Question

In: Computer Science

In java what is the best algorithm and data structure choice to search for all instances...

In java what is the best algorithm and data structure choice to search for all instances where a pattern is found some larger texts. Also please provide the worst-case complexity big o notation of this and why it is best.

Assuming the texts are all stored in a class instance that has a field contents. Which is then stored as a array list value in a linked hash map with the key being the username of the poster.

Solutions

Expert Solution

Theory:

The above problem can is String Matching a pattern and there exists multiple algorithms for the same..

String Matching Problem

I/p :

  1. text of size n (where pattern is to be found)
  2. pattern to search of size m

O/p : location where element is found

Analysis

The best algorithm to implement the above problem depend on many aspects:

Time Complexity : Both in terms of pattern and text.

Space Complexity: Both in terms of pattern and text.

The following algorithm are compared on how text and pattern are

  1. Boyer -Moore Algorithm
  2. Suffix Tree

==================================================================

Boyer Moore Algorithm  preprocesses pat[] and constructs an auxiliary lps[] of size m (same as size of pattern) which is used to skip characters while matching.

Complexity

Preprcessing pattern: O(m)

  Searchng pattern in text: O(n) best case , O(mn) worst case

==================================================================

Suffix tree . A suffix tree on the other hand uses pre-processing of the text which s termed as suffix tree. After preprocessing text, searching a pattern requires O(m) time.

Complexity

Preprcessing text: O(n)

  Searchng pattern in text: O(m) best case (unique pattern among all words in the list) , O(m*k) where k is no of pattern present which is K< n/m. i.e. O(n)

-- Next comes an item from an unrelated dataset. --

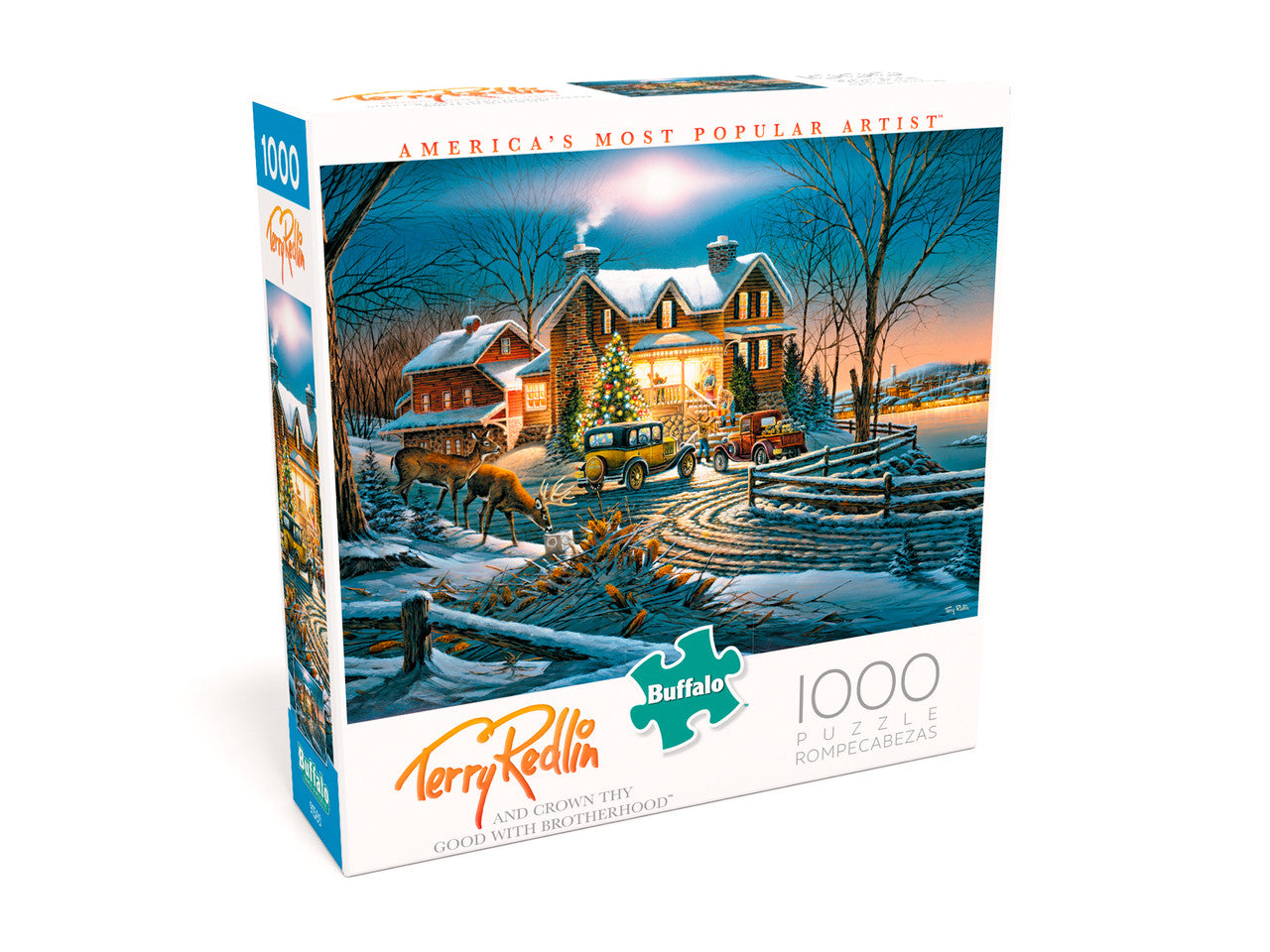 buffalo-games-terry-redlin-brotherhood-1000-teile-puzzle image 3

=================================================================

The choice of algorithm now depends

  • if text is static then Suffix Tree is good choice as pattern can be found in  O(m).
  • if text containing many occurrence than it better to use Boyer-Moore Algorithm. In all other cases Suffix tree is preferred.
  • Suffix tree creates tree of all text which requires a considerable space.

Please use the one suited to Given problem specification.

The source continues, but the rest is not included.